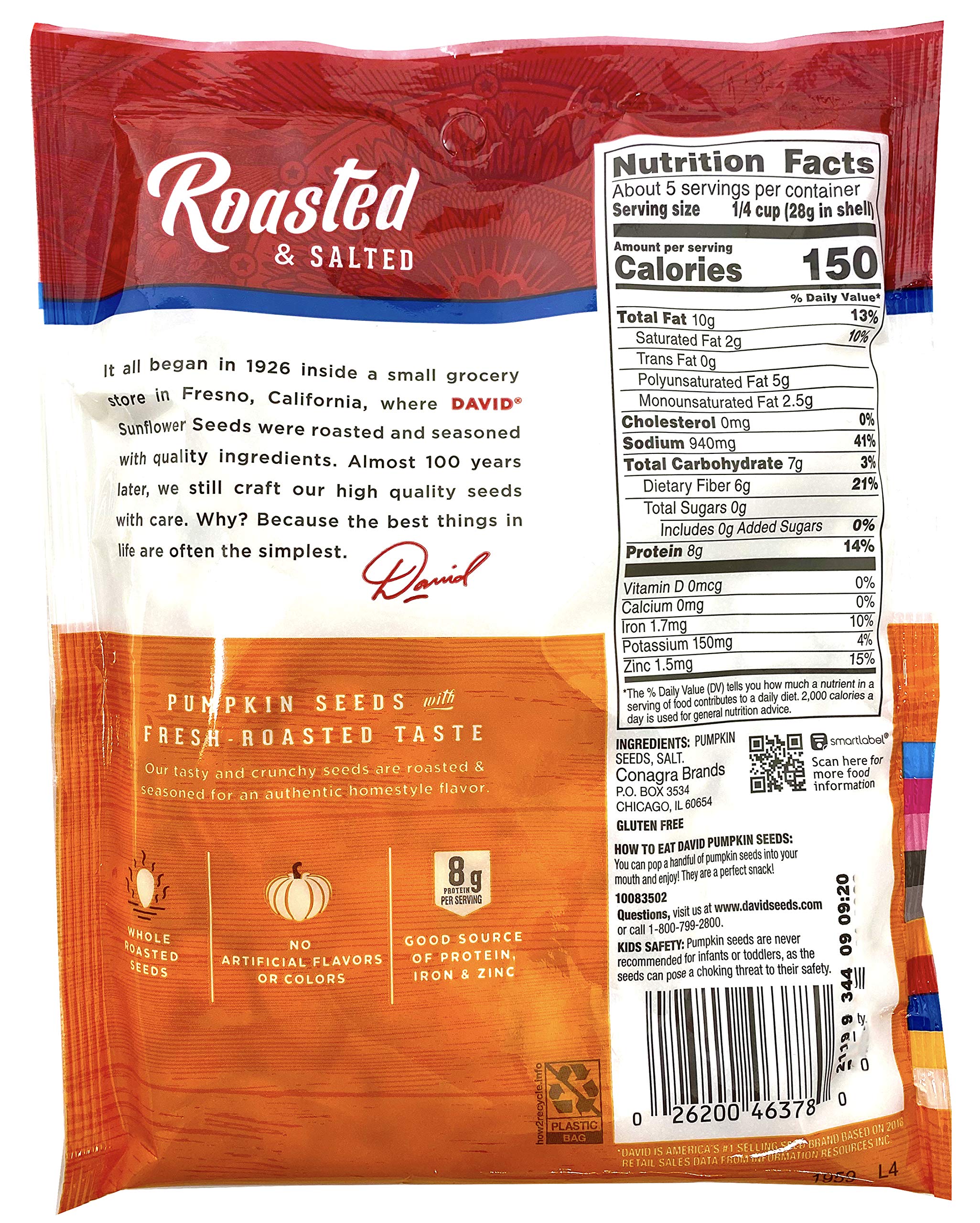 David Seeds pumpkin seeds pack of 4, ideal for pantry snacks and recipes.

==

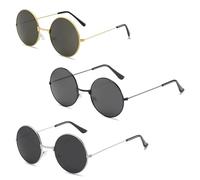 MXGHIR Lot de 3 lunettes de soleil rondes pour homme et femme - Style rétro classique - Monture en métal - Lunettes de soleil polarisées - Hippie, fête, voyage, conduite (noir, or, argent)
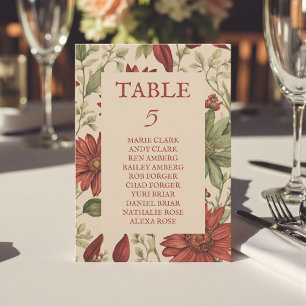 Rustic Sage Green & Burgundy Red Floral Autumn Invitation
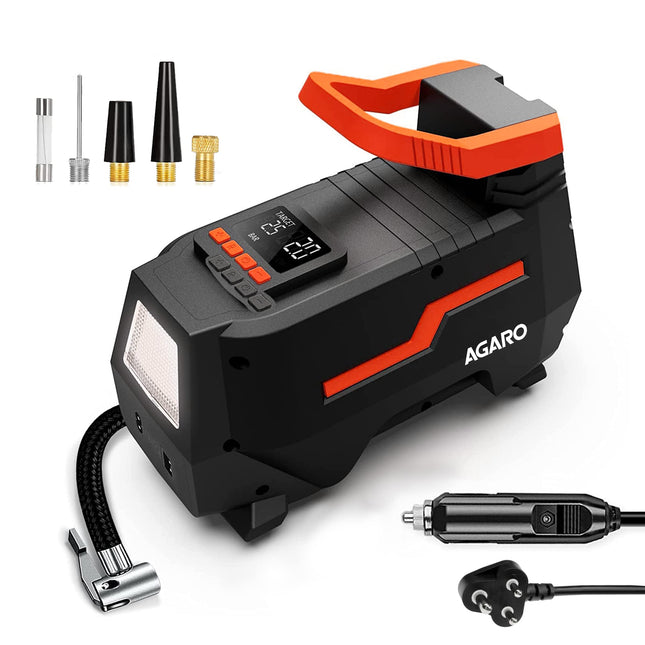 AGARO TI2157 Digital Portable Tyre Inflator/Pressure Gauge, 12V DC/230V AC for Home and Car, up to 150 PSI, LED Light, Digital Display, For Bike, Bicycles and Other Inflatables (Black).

### Aim of the task
When copying from the data above, print only the lines from the line containing "Rustic Sage Green" to the line containing "AGARO TI2157 Digital", exactly, and leave the pictures out.

### Solution to this task
 Rustic Sage Green & Burgundy Red Floral Autumn Invitation
 AGARO TI2157 Digital Portable Tyre Inflator/Pressure Gauge, 12V DC/230V AC for Home and Car, up to 150 PSI, LED Light, Digital Display, For Bike, Bicycles and Other Inflatables (Black).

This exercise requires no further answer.